Time for Gender Equality in the Workplace – For Men

Many women (including myself) are faced with the family-or-career tension to varying degrees. We’ve read about these stories in The Atlantic, New York Times, and most recently on Slate.com. Many of us know this issue personally. Maybe we aren’t literally choosing a career over a family (or vice versa) but perhaps we’ve pushed back when to start “trying,” switched to a less rigorous career path, taken a small hiatus from the rat race, or immersed ourselves in work resulting in little time to meet a potential partner in the first place.

While these articles provide valid points about uphill battles women face entering the academic sphere (or other traditionally male-dominated fields) they speak to a specific subset of women – privileged, high-powered, highly ambitious, often married (or with a partner), etc. This isn’t necessarily a bad thing but examples and stories from executives, academics, or other powerful women suggest that this issue is most fraught among women at the top.

Not all women (and I’d venture to say most) are trying to be the next CEO or tenure track professor but many are still faced with varying degrees of “choosing.” The onus is usually on the woman to arrange a career situation that will accommodate a family. For women who have a choice to take on “second tier” jobs (such as adjunct professor) still find themselves in much better positions than the vast majority of women. For single parents (like my late mother) choices become a precarious word.

These rallying cries for better job opportunities among extremely privileged women of reproductive age just aren’t getting me revved up even though I am one of them (doctoral student). It takes focus away from addressing cultural expectations about who should be responsible for raising children. Facebook’s COO Sheryl Sandberg said in the TED video above, “we’ve made more progress in the workforce than we have at home.” This is true but we’re measuring career progress against male-established standards such as job position and type, pay, and advancement opportunities.

Again, nothing inherently wrong with this but there are other ways to measure progress in the work place.

What’s missing is the imperative to change cultural expectations for working fathers. When it comes to making gender progress in the child/home front, we can’t expect change without addressing the work front as well. Why is it that few jobs offer family leave for men? Why do men face greater stigma for leaving work to assist with childcare? Why are men expected to return to work almost immediately after their child is born? These are only a few concerning questions I’ve started to discuss with my husband recently.
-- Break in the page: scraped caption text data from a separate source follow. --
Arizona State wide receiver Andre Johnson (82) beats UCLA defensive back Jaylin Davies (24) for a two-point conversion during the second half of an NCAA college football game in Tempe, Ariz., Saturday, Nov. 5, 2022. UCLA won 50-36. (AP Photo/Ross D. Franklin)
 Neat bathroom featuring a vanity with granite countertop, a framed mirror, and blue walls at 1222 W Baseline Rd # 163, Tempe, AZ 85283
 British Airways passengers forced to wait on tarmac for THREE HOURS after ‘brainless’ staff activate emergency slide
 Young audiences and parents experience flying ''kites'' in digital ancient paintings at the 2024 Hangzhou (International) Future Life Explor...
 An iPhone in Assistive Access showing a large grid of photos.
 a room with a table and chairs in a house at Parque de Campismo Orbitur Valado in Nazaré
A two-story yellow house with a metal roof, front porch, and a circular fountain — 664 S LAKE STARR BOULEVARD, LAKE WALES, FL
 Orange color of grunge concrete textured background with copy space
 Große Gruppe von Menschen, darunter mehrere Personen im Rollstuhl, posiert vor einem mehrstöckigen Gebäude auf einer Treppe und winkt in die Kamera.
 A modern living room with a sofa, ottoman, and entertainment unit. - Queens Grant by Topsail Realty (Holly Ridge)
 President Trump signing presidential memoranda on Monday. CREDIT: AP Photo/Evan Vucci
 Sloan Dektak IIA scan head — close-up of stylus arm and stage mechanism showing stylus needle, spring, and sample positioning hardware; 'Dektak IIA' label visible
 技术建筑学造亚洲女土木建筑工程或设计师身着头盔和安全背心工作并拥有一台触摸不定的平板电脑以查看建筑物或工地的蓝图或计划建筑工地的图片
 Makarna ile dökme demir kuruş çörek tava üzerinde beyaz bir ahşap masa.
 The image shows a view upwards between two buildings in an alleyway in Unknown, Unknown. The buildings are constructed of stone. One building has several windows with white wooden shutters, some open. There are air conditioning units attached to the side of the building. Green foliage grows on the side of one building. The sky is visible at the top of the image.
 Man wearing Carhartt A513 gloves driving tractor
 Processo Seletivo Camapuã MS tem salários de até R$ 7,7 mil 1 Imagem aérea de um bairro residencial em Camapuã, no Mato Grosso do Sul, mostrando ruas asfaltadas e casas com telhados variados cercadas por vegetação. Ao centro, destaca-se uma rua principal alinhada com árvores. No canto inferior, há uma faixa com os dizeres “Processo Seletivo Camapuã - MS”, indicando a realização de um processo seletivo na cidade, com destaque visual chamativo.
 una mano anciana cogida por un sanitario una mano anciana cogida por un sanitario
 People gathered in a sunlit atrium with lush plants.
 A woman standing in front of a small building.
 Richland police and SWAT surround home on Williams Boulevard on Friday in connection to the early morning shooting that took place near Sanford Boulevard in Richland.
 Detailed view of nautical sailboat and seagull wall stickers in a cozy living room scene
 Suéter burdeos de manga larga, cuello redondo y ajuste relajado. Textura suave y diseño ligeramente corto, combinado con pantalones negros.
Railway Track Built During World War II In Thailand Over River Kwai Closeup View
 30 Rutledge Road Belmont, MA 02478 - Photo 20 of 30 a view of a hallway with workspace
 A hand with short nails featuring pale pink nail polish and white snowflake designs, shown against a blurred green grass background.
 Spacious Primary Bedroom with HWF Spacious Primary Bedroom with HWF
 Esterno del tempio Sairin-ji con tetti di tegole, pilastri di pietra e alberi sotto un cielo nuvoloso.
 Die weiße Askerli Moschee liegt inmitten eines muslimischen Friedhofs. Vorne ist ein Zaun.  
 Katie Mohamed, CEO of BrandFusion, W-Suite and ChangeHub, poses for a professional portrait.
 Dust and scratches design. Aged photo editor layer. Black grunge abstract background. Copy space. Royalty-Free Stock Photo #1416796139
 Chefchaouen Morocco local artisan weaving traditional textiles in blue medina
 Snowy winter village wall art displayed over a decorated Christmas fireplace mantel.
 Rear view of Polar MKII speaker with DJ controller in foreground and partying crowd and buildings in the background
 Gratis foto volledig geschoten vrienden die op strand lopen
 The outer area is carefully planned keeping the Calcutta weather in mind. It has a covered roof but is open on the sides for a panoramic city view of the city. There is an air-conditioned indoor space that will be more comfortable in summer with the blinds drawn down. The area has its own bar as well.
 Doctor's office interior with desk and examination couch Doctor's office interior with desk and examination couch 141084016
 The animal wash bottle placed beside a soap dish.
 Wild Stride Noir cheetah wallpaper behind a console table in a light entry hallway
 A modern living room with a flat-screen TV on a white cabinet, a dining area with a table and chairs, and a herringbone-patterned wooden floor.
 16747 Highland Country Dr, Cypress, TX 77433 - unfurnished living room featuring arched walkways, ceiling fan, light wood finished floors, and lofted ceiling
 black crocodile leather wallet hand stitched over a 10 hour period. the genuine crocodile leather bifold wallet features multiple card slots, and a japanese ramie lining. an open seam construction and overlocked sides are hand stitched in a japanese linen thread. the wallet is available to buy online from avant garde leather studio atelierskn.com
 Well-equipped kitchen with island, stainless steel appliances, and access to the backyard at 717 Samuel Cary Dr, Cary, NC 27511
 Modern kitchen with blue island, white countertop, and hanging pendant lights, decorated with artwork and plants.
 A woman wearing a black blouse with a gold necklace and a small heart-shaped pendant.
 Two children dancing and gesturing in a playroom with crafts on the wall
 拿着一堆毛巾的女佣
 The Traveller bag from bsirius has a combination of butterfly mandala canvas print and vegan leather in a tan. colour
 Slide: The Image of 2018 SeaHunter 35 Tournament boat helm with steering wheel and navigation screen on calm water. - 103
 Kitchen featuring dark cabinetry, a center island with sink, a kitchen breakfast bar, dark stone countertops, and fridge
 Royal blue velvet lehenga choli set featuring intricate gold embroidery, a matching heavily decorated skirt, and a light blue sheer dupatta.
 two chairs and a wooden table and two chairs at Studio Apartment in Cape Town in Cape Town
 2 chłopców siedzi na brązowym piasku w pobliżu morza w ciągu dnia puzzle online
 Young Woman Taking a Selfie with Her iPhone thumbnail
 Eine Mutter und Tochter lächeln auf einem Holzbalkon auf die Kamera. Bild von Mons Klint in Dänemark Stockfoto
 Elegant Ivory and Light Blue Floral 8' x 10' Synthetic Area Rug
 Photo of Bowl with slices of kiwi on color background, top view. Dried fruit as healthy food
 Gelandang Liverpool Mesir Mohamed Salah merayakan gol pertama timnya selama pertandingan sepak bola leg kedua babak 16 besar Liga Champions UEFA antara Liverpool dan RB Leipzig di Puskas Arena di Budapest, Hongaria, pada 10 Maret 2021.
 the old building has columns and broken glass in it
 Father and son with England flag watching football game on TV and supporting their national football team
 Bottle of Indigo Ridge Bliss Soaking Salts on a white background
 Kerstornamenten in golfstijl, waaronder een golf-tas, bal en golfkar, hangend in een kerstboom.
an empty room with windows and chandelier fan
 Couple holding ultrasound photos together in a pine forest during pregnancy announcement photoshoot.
I believe an increasing number of men, such as my husband, want to be more involved in raising children and worry about how to navigate a hostile and intimidating work culture toward family-oriented fathers. If we want our husbands and partners to take on more domestic or “traditionally female” roles (so we can focus on our careers), shouldn’t we (men and women) also advocate for structural changes in the workplace for men?

When Expectations about Being a Parent Lead to Unhappiness


I want to tread (write) gently in today’s post about parenting expectations and happiness because I’m not a parent.  But my fiancé and I have been talking about having children lately.  A few friends have told me to “just worry about the wedding first” but I humbly disagree that talking about children is premature.

Not to trivialize the wedding, but it is just one day.  Our marriage and parenthood are permanent commitments and I want to be on the same page with my soon-to-be-husband about how we will function as a family and agree that our partnership is suited for children.

I tend to be a worst-case scenario type person due to my less than fairy-tale like upbringing, so I’m incredibly sensitive to what challenges couples today.

Along with money, children are right up there and naturally, I want to talk about it before we make that irreversible decision to have kids.

So far we’ve talked about our views on spanking, private versus public schools, financial burden, discipline techniques, sleepless nights, level of commitment to maintain a sexual and social life, and sharing parenting responsibilities.

We’re not trying to take the romance or experience out of parenthood, we just know that if we can’t work together on common challenges, there will be a lot of disappointment in our future.

So it’s no surprise that we gravitated towards the segment above, about parents loving their kids but being unhappy, that aired on the Today Show this morning.  What resonated was the kind of expectations couples place on parenthood to automatically bring happiness.

Watching this segment reminded me of weddings and young marriages.  So much of the focus and expectation is on love and romance.  Well there’s nothing romantic about fighting over dishes, arguing about changing the kitty litter, or stressing over balancing work, marriage, and a social life.  But these are the things couples negotiate throughout a partnership and romance doesn’t make it better.  It just confuses you into thinking there might be something wrong.

This parenting segment reminded me of a similar trend in our society to over-romanticize the awesomeness of marriage and now parenting.  It makes people feel guilty for saying less than amazing things about their experiences as husband/wife/dad/mom.  Just look at Charlotte from the Sex and the City movie.  She had to be drunk to admit her kids were driving her insane and that she cries alone in a closet.  I just made a SATC reference, which I know may reduce my credibility but there was an honest moment in that scene.

I don’t want to sound like an anti-romantic.  There’s so much value in the overwhelming love we have for our partners and children (for those who have kids.)  It supports us through those difficult moments.  It just shouldn’t be expected to do all the work and we should be careful about expecting it to make us happy.